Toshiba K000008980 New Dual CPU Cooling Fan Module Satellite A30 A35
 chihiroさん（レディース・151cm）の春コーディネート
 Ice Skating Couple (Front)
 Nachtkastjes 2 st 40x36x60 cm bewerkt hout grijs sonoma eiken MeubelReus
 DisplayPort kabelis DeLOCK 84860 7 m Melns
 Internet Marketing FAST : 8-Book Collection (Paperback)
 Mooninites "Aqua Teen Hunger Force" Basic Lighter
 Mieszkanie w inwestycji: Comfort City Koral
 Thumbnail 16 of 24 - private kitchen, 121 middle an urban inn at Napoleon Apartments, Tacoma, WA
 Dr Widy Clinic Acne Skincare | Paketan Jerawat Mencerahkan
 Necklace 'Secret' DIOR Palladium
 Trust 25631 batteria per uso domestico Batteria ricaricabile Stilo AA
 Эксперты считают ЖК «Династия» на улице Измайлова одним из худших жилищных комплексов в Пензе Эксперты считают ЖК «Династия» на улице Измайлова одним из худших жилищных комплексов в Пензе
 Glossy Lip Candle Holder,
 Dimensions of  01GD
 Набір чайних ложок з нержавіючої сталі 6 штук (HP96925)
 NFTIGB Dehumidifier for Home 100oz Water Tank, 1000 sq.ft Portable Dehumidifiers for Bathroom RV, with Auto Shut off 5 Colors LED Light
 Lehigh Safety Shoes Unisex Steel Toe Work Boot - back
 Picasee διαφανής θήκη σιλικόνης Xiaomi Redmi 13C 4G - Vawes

+++

# Assigned task
When you reach the line that contains "Lehigh Safety Shoes" in the material above, please copy it and every line after it exactly, stopping only at the last line.

# Answer to this task
 Lehigh Safety Shoes Unisex Steel Toe Work Boot - back
 Picasee διαφανής θήκη σιλικόνης Xiaomi Redmi 13C 4G - Vawes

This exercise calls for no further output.